## Your task
With the images removed, repeat the data below exactly.

## Input for this task
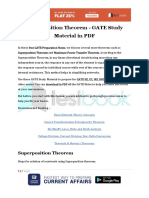 Superposition Theorem - GATE Study Material in PDF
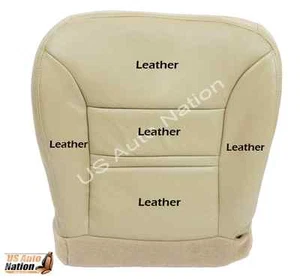 2000 01 Ford Excursion Eddie Bauer Driver Side Replacement Bottom Seat Cover Tan - Picture 1 of 9
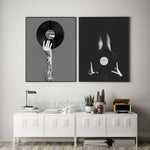 tableau vinyle noir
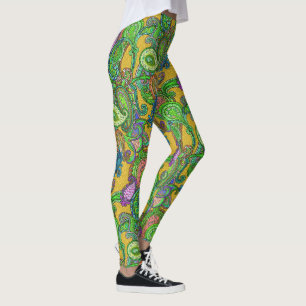 Legging Paisley no caramelo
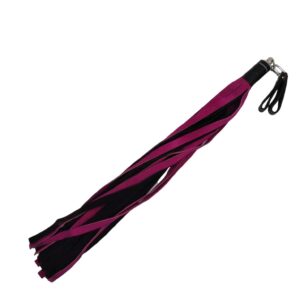 Suede Leather Floggers, w/Fingerloops (Available in 6 silky colors)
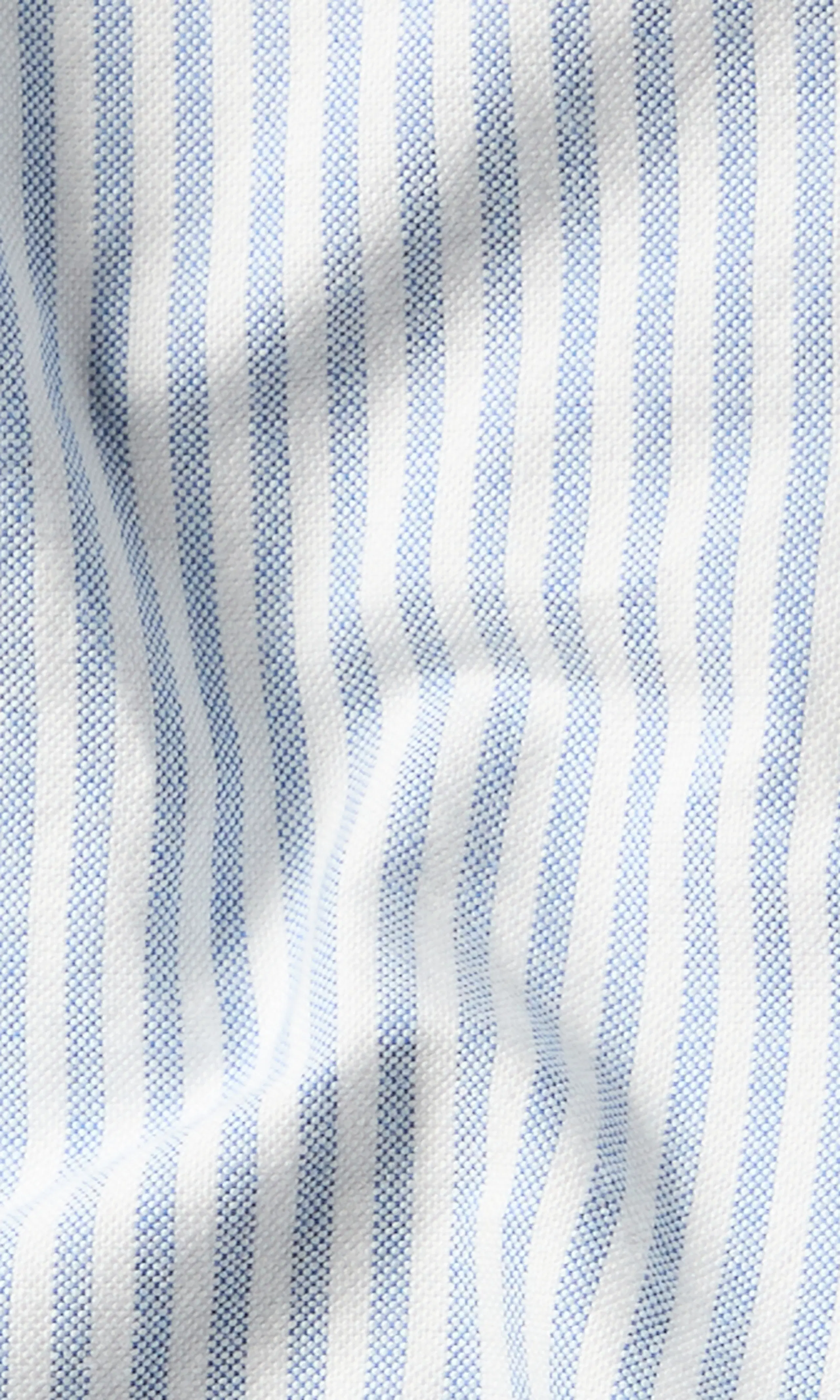 Regular Stripe Oxford Skjorte. Detail 2. Flat.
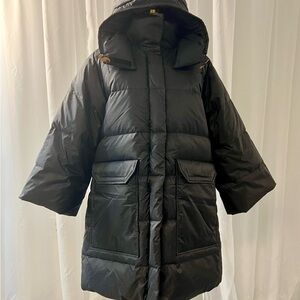 The North Face Black Quilted Puffer Coat with Hood/NWOT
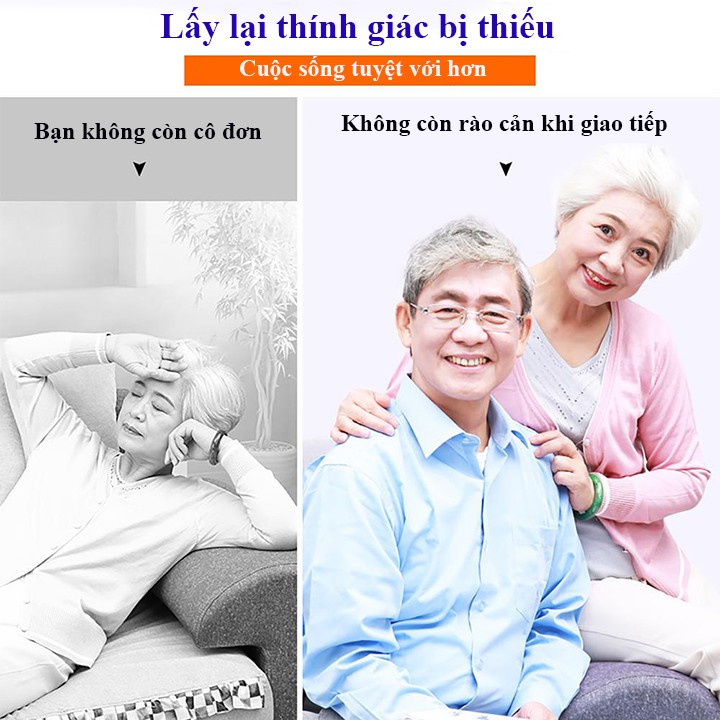 Tai Nghe - Máy Trợ Thính - Tai Nghe Trợ Thính Cofoe Chip Điện Tử Thông Minh (xoay 360 phù hợp để đeo cho cả hai tai)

## Solution for this task
 Superposition Theorem - GATE Study Material in PDF
 2000 01 Ford Excursion Eddie Bauer Driver Side Replacement Bottom Seat Cover Tan - Picture 1 of 9
 tableau vinyle noir
 Legging Paisley no caramelo
 Suede Leather Floggers, w/Fingerloops (Available in 6 silky colors)
 Regular Stripe Oxford Skjorte. Detail 2. Flat.
 The North Face Black Quilted Puffer Coat with Hood/NWOT
 Tai Nghe - Máy Trợ Thính - Tai Nghe Trợ Thính Cofoe Chip Điện Tử Thông Minh (xoay 360 phù hợp để đeo cho cả hai tai)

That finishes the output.